All that information about the places is already available on the internet, just not embed in a map, so my first step was to crawl some websites to get hold of all that information. A slight problem I had is that this required running a script to automatically trawl through all the pages. I only know PHP, which as far as I was aware, could only be run in a browser, and browsers time out after a while, so it would be impossible to just leave it running.
A little more research revealed that it is possible to run PHP scripts as stand-alone entities outside the browser, but only using something called CGI. I had no idea what CGI was, and my hosting company don’t allow you to use CGI anyway. But I did manage to find another solution.
Although a php script crawling lots of pages for data would cause a browser timeout, a script crawling just one page almost certainly wouldn’t. So what I had to do was:
- Write a script that crawls the data of one page but…
- … checks what page was last crawled and moves on to the next one when it starts and…
- … tells the script to execute again once it’s finished.
1. will differ depending on your needs, but my solutions to 2. and 3., I believe, provide a good technique to crawl web pages if you only know PHP.
Solution to 2.
Each iteration will presumably write the information to a database. Provided you’re iterating over an integer (e.g the webpages are of the form http://www.thesite.com/thepage?id=theinteger) then you’ll probably be storing that integer in your database. Then the following code at the beginning of your script will advance you to the next web page to crawl.
$last_entry_query = @mysql_query("SELECT theinteger FROM thetable ORDER BY theinteger DESC LIMIT 1");
if(($last_entry_query) &&mysql_num_rows($last_entry_query)) {
$last_entry_row = mysql_fetch_array($last_entry_query, MYSQL_ASSOC);
$last_entry = $last_entry_row['int_ukcs_id'];
} else {
$last_entry = one less than the first entry (starts the script off);
}
$current_page = file('http://www.thesite.com/thepage?id='.($last_entry+1));
You can stop and start the crawl whenever you like as the database will always tell you which page to crawl next.
Solution to 3.
Really simple this one. At the end of the script you need to run it again. What better way than just redirecting the browser to the same page again.

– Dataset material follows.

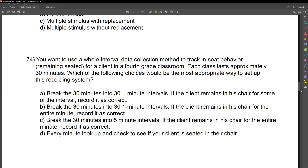Answer A breaks 30 minutes into 30 one-minute intervals and records as correct if the client remains in his chair for some of the interval — that's a mistake, because whole interval requires him to remain the entire interval, so A is out. Answer B breaks 30 minutes into 30 one-minute intervals and records as correct if the client remains in his chair for the entire minute — perfect. That would be a great way to collect whole interval data. The interval is reasonable, you get a lot of data points, it's continuous, and it has all the right aspects.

if(mysql_affected_rows() == 1){
header('Location: http://localhost/campcrawl/index.php?id='.$last_entry);
}
Still one little tweak though; browsers will tend to limit the number of times a page can be redirected to in order to avoid infinite loops. In Firefox, to over-ride this go to about:config and change redirection-limit to something really big. If there is a danger of an infinite loop you can limit the number of iterations in your script with a counter or a timeout, but for me it wasn’t a problem as just closing the browser tab stopped my script.
The reason this technique is workable is that even though it requires a browser to run the script, with today’s multi-tab browsers, and the fact that all the calculation is done on the server, mean that it doesn’t infringe on whatever else you’re using the browser for (aside from maybe occasionally having to refresh the tab running the script as sometimes it stops for seemingly no reason, but that might just be bad programming from me).
So that’s stage one nearly completed (2,000 out of about 9,000 pages trawled so far, but at this rate should be fininshed within the hour). Now on to actually doing something with the data.